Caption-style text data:
::::::::
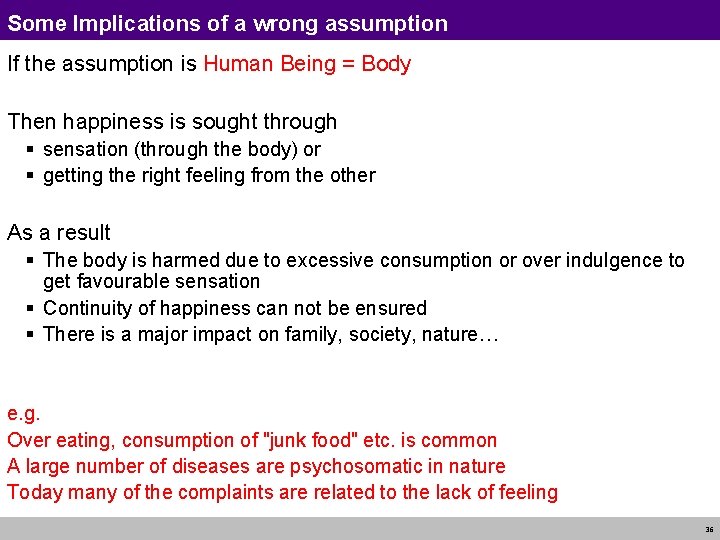 Some Implications of a wrong assumption If the assumption is Human Being = Body Some Implications of a wrong assumption If the assumption is Human Being = Body
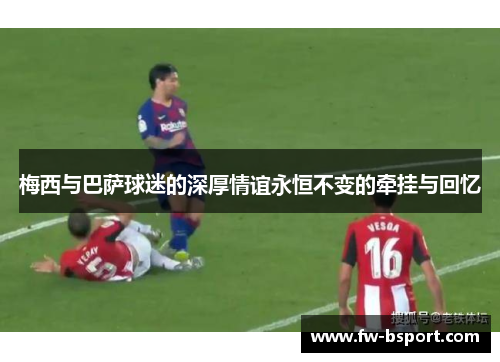 梅西与巴萨球迷的深厚情谊永恒不变的牵挂与回忆 梅西与巴萨球迷的深厚情谊永恒不变的牵挂与回忆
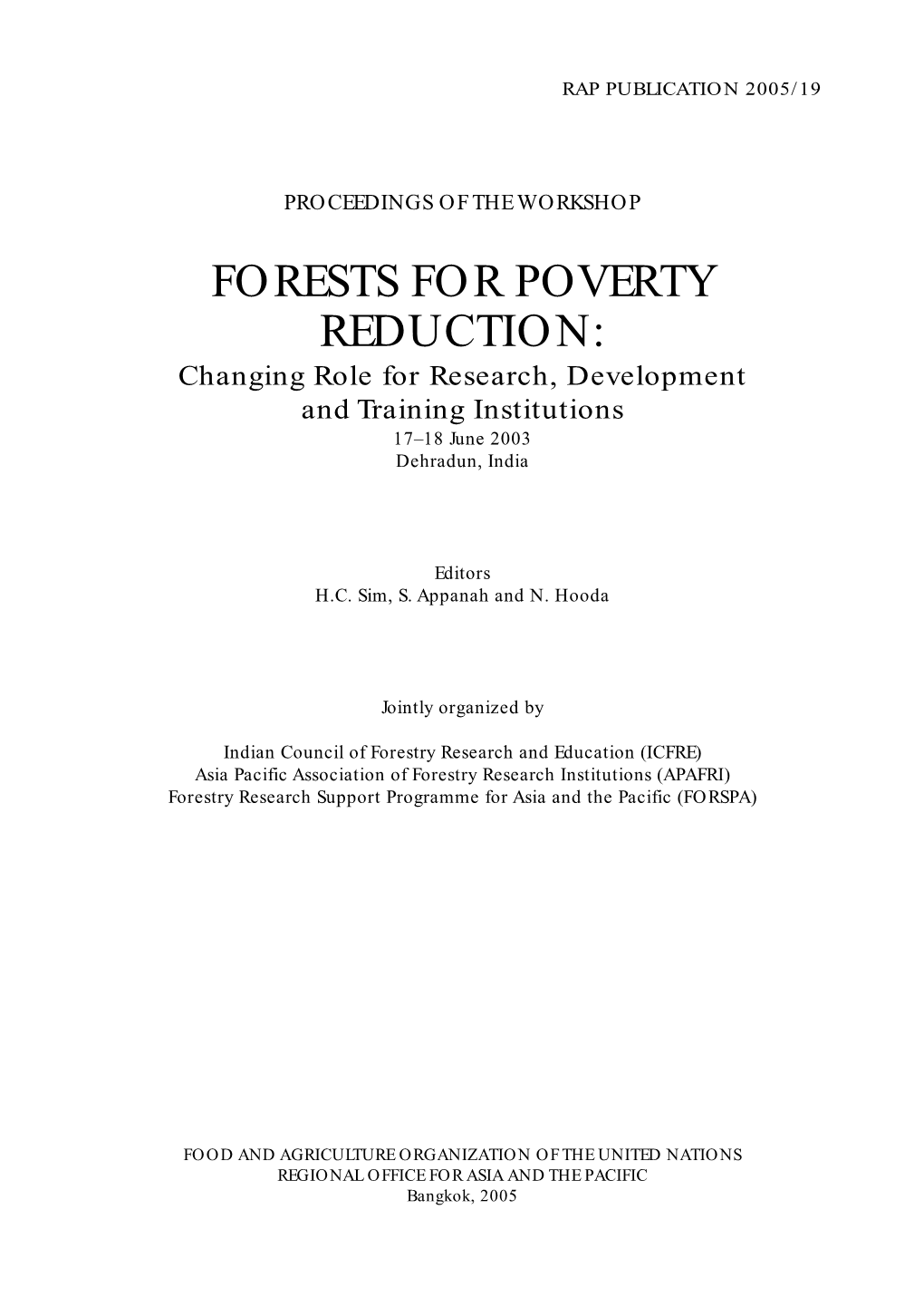 FORESTS for POVERTY REDUCTION: Changing Role for Research, Development and Training Institutions 17–18 June 2003 Dehradun, India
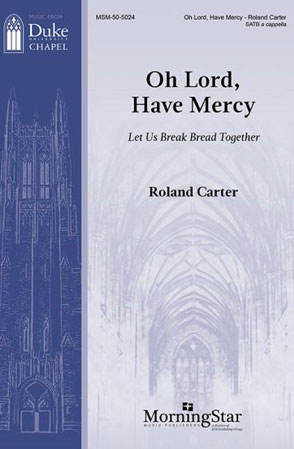 Oh Lord, Have Mercy arranged by Roland Carter 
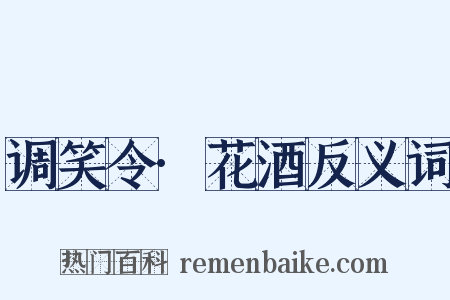 调笑令·花酒反义词是什么意思的图片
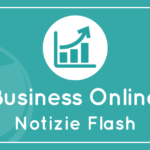 Business online notizie flash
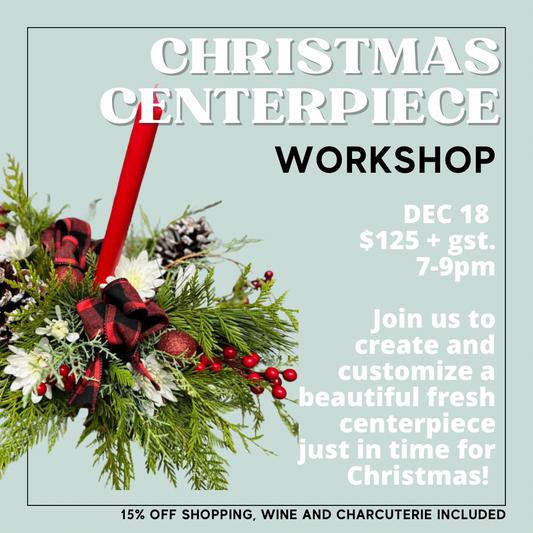 Christmas Centerpiece Workshop - Dec 18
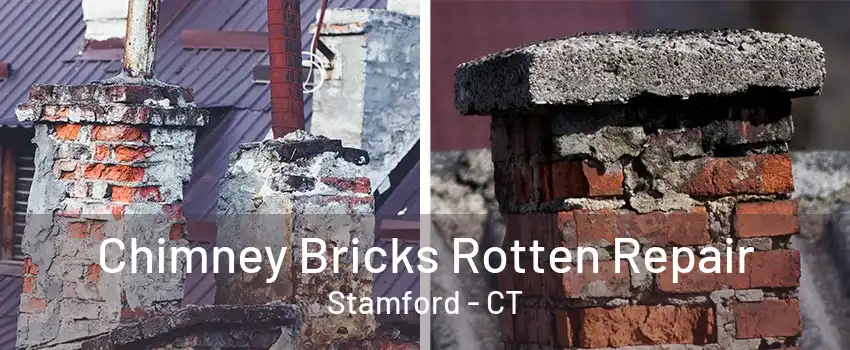 Chimney Bricks Rotten Repair Stamford - CT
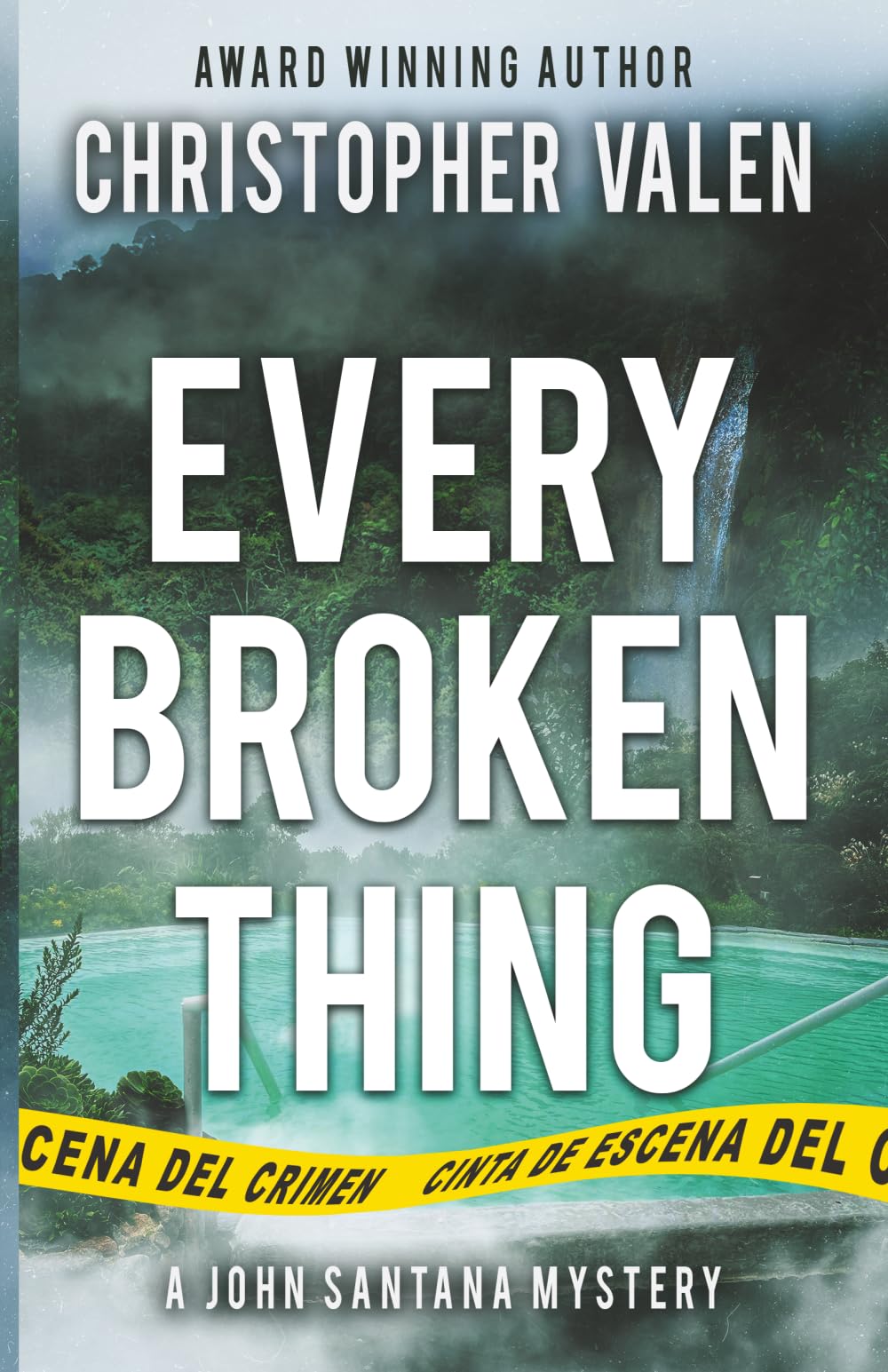 Every Broken Thing: A John Santana Mystery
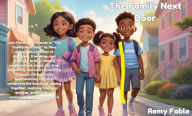 Title: The Family Next Door: Embracing Diversity, Friendship, and New Adventures: A Multicultural Journey for Young Readers, Author: Remy Fable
::::::::
Your copy of the entries above must be exact and must not include pictures.

 Some Implications of a wrong assumption If the assumption is Human Being = Body Some Implications of a wrong assumption If the assumption is Human Being = Body
 梅西与巴萨球迷的深厚情谊永恒不变的牵挂与回忆 梅西与巴萨球迷的深厚情谊永恒不变的牵挂与回忆
 FORESTS for POVERTY REDUCTION: Changing Role for Research, Development and Training Institutions 17–18 June 2003 Dehradun, India
 Oh Lord, Have Mercy arranged by Roland Carter 
 调笑令·花酒反义词是什么意思的图片
 Business online notizie flash
 Christmas Centerpiece Workshop - Dec 18
 Chimney Bricks Rotten Repair Stamford - CT
 Every Broken Thing: A John Santana Mystery
 Title: The Family Next Door: Embracing Diversity, Friendship, and New Adventures: A Multicultural Journey for Young Readers, Author: Remy Fable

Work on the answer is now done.